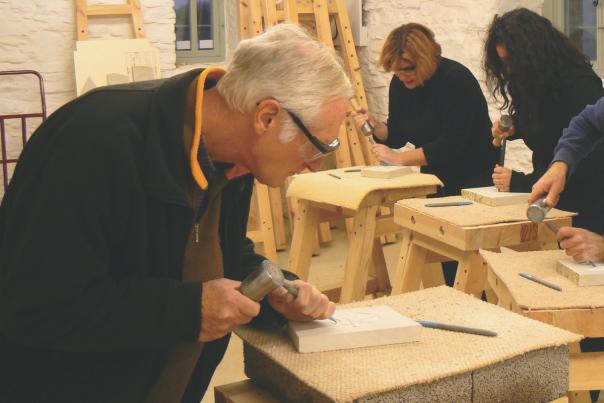 Four people stone carving at Burngate Stone Carving Centre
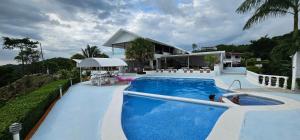 a swimming pool in front of a house at Barracuda apartments in Sámara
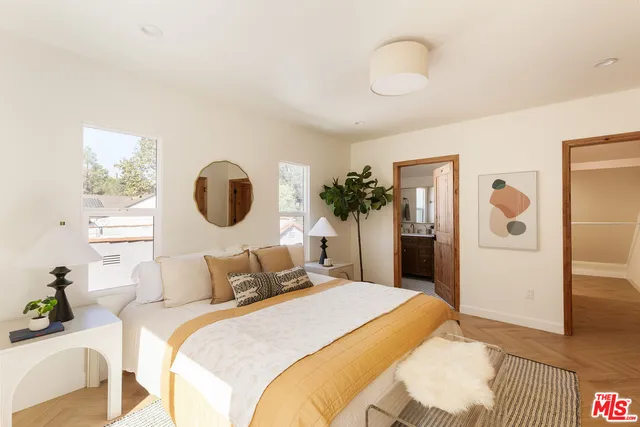 a bedroom with a bed and a painting on the wall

Directions:
With the pictures set aside, write out the whole listing exactly.

Answer area:
 Four people stone carving at Burngate Stone Carving Centre
 a swimming pool in front of a house at Barracuda apartments in Sámara
 a bedroom with a bed and a painting on the wall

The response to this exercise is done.